Mientras el mundo occidental –el que representa la Alianza– se enfrenta a la inevitable necesidad de rearme, y a seguir contando con un partner que aporte disuasión nuclear; mientras Europa se prepara para afrontar la vocación imperialista de Rusia y las amenazas híbridas que definen este tiempo, Sánchez sigue con la letanía de que «la guerra no puede justificar el deterioro del bienestar». La guerra –si al final se produce– justifica prácticamente todos los sacrificios. Y si la Historia nos enseña algo es que estar preparados para afrontarla es siempre la mejor manera de evitar que se produzca.
Sánchez nos vende un argumentario populista propio de un debate de instituto: la doctrina de que se puede pertenecer a la OTAN sin cumplir con sus acuerdos, que se puede exigir protección sin aportar recursos, que se puede hablar de paz ignorando la guerra. Pero la OTAN no es una ONG: es un pacto de defensa mutua, que se sostiene en la confianza, no en la retórica. Si hablamos de confianza, España ha dejado de ser un socio fiable para la Alianza. Ni cumple sus compromisos presupuestarios, ni mantiene una política exterior coherente, ni garantiza claridad frente a Rusia o China.
Mientras Alemania y Francia se rearman, los países bálticos se atrincheran, Italia se alinea con los intereses atlánticos, Sánchez ha intentado usar la OTAN para erigirse como líder planetario de la izquierda y resolver sus problemas por la corrupción y el desgobierno en España. Hace en La Haya exactamente lo mismo que aquí: juega a la división y a presentarse como la única opción, en España contra la derecha, en Europa contra el militarismo de Trump. Nos miente: el problema de Europa no es el militarismo de Trump, sino su absoluta imprevisibilidad.

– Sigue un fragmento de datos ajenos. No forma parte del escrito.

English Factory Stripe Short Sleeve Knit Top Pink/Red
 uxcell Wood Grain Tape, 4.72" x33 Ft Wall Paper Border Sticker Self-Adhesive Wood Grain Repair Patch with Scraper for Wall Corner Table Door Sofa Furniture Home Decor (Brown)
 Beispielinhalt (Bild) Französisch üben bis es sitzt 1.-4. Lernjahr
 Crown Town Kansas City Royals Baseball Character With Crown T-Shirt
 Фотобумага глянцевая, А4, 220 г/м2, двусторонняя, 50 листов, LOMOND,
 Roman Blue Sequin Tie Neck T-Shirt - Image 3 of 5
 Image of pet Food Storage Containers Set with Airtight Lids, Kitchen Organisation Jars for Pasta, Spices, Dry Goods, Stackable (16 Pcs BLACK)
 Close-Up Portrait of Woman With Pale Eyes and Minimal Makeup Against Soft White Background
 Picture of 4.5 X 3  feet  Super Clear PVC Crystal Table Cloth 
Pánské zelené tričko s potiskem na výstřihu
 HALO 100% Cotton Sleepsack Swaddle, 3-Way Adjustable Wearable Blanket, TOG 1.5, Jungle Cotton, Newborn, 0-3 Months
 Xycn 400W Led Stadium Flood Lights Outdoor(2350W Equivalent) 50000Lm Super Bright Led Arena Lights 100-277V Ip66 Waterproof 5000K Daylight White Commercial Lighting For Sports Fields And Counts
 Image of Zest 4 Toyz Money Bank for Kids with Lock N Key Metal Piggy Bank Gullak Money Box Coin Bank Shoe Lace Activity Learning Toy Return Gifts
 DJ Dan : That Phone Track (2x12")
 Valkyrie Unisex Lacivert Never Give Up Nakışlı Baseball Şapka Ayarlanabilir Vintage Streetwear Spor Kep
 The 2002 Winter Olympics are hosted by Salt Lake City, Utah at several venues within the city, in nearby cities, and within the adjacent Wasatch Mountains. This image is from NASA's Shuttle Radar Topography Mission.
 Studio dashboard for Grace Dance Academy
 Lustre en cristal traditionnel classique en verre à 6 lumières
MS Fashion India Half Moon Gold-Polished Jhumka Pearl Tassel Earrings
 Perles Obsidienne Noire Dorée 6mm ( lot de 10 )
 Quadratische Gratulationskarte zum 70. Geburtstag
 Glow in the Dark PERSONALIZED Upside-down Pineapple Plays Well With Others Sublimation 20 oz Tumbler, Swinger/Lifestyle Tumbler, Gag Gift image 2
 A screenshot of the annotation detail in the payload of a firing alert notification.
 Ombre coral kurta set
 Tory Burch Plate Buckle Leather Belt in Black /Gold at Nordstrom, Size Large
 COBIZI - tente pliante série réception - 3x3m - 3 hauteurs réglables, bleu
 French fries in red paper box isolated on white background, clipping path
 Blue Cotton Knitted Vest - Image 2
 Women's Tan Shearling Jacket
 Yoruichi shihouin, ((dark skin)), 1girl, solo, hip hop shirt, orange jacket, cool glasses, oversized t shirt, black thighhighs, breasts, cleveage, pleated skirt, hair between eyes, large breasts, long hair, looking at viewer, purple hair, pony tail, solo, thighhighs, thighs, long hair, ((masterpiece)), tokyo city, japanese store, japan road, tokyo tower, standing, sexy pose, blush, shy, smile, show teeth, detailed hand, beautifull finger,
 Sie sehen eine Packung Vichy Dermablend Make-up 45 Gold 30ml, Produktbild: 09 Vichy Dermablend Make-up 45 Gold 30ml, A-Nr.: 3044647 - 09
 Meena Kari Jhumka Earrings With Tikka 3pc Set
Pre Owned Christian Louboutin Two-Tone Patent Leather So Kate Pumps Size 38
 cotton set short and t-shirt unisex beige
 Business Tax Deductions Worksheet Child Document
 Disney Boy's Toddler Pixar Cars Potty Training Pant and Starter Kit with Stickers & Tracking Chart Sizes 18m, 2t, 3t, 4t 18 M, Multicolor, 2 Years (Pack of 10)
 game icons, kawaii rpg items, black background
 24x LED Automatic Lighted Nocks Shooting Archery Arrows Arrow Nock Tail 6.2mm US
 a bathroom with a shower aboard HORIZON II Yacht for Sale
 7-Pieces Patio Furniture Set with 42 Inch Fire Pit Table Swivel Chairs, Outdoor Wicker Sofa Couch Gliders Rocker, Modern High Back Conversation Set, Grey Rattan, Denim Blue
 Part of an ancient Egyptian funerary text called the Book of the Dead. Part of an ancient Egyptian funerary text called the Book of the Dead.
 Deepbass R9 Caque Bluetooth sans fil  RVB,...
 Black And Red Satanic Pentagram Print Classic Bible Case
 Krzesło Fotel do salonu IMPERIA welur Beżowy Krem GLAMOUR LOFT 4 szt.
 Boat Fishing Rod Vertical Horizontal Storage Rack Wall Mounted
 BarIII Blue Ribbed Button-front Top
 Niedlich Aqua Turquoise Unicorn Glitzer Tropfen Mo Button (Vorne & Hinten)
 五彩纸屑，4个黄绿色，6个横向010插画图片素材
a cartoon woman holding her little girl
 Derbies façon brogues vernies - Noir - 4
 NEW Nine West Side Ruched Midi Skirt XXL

El presidente USA actúa como si quisiera abandonar la defensa de Europa (en realidad lo que pretende es dejar de pagarla), y es Europa la que reacciona –como un solo hombre, con la excepción de Sánchez– buscando una salida conjunta. En política internacional, apartarse es el mejor camino para esa irrelevancia que ayer obligó a Sánchez a esconderse de los focos. Él, que no hace tanto, se postulaba como secretario general de la OTAN.
La alternativa no era tan complicada: habría bastado con que el presidente asumiera proteger el lugar de España en el mundo y no su relato. Que en vez de hacer campaña local, hiciera política exterior. Que diera prioridad al consenso europeo frente al aplauso de sus socios y apoyos. Que entendiera que el liderazgo no se finge con eslóganes, se construye con decisiones decentes. La última vileza –este hombre jamás da la cara– es culpar al Ejército español, ampararse en informes militares inexistentes para justificar su genial propuesta de conseguir con menos de la mitad del gasto lo que al resto les costará más del doble.
Para Sánchez, la política exterior es solo un escenario más en su teatro de autocomplacencia. No le importa lo que se decide en la OTAN, sino cómo lo cuenta su Telediario. No le preocupa la seguridad del país, sino la permanencia de su personaje en el poder. Un personaje que ha demostrado que ya no tiene aliados internacionales. Su consuelo es que le queda aún el CIS de Tezanos, que –sin duda– también en esto le dará la razón.